Parece que “toda” la clase política quisiera nuevas elecciones generales para ver si lo suyo, lo del partido, lo del candidato, se arregla ya que la última vez no salió alguno muy contento. Se piensan que activar la elección de representantes, eso que llaman los liberales democracia representativa, o convocar a la soberanía popular cuando el deseo (eso que todo lo llena pero no acaba procurando felicidad) se lo pida es actuar con sentido común. Esta clase política actual, como ya hemos visto en anteriores ocasiones, piensan en las elecciones como un simple mecanismo. En sus mentes líquidas, en sus pensamientos funcionalistas, ven la convocatoria como algo que está ahí sin más, como un teléfono, o el coche y que se puede utilizar sin más. Piensan en las elecciones como una función que existe en el sistema político, la cual carece de transmisión de valores (por no hablar de los gastos) o simbolismo. Para esta clase política depositar el voto en la urna es como sacar una entrada en el cine.

No piensan que, por su cabezonería en no acordar (da igual quienes sean los no partícipes), por poner delante sus deseos personales, sus voliciones, sus ambiciones, están deteriorando todo el sistema democrático.

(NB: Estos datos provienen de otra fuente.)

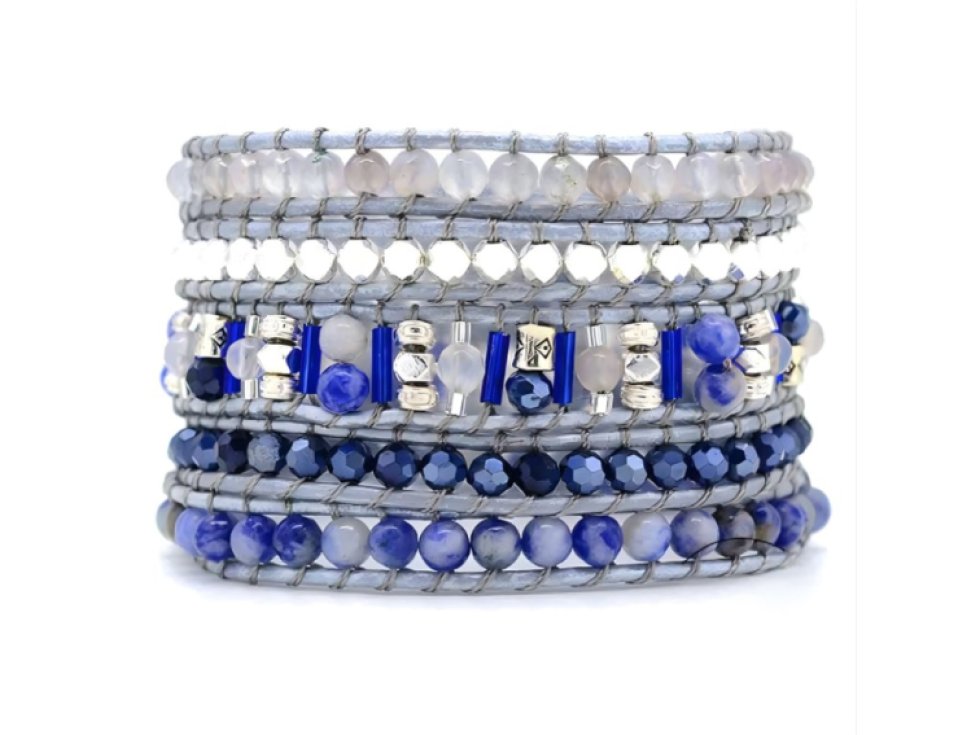 Wrap náramek Achát, Skleněné perly, Hematit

No es que sea una democracia perfecta (Robert Dahl la llamaba poliarquía), pero de ahí a pensar que todo da igual hay un trecho por el que: se lamina la voluntad popular, ya que se dice directamente a la ciudadanía que no sabe votar, cuando lo que pasa es que no saben actuar como políticos; se dejan por el camino los valores decisivos que sostienen lo democrático, como es el respeto al diferente, la consideración del otro como adversario y no como enemigo, el diálogo o debate como base de todo lo demás (recuérdese que en la Asamblea ateniense lo principal era la palabra); se vislumbra algo que muchas veces parece que está oculto, la consideración a los políticos como clase política, con todo el elitismo, separación de la realidad y oligarquía que ello significa; y lo que es peor de todo, se transmite a la sociedad que realmente los problemas de la mayoría no importan.

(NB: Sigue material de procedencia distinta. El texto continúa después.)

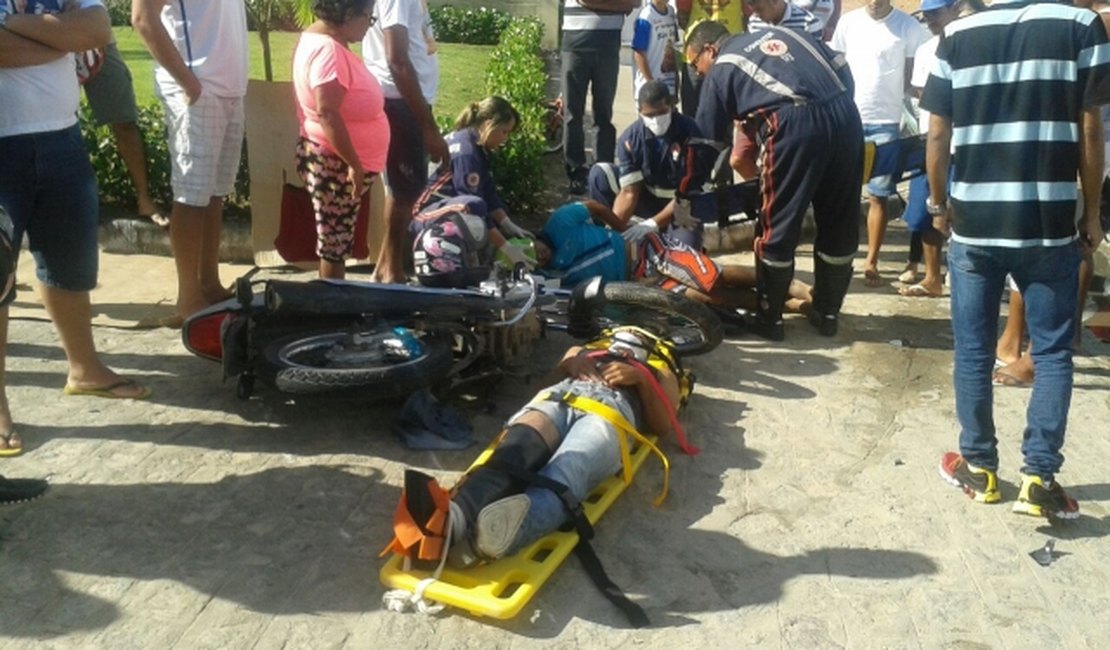 Colisão entre carro e moto deixa dois feridos em Arapiraca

Da igual que sea Pablo Iglesias el que pida cargos; da igual que sea Pedro Sánchez plegándose a los deseos de la clase dominante; da igual que sea Albert Rivera buscando una escisión social donde meter el dedo; da igual que sea Pablo Casado pactando con Vox, da igual lo que están haciendo porque la verdad es que la ciudadanía acaba pensando que son como unos adolescentes malcriados a los que habría que dar un par de azotes. Tienen suerte de que no les pueden cambiar así como así al estar en una partitocracia, pero más de una y más de dos si pudiesen tacharían nombres. Y lo curioso, como reza el titular, es que parece que se camina hacia nuevas elecciones y todo tan felices. Les da igual aparecer como una manada de chisgarabises, de mendaces, de incapaces, de inanes, son felices porque saben que en las siguientes elecciones volverán a salir elegidos, con mayor o menor fortuna, pero en su mayoría serán los mismos. Y si los dados no salen como se quiere, nueva tirada. Luego dirán que por qué aparecen partidos y movimiento autoritarios raros, por una clase política como la actual.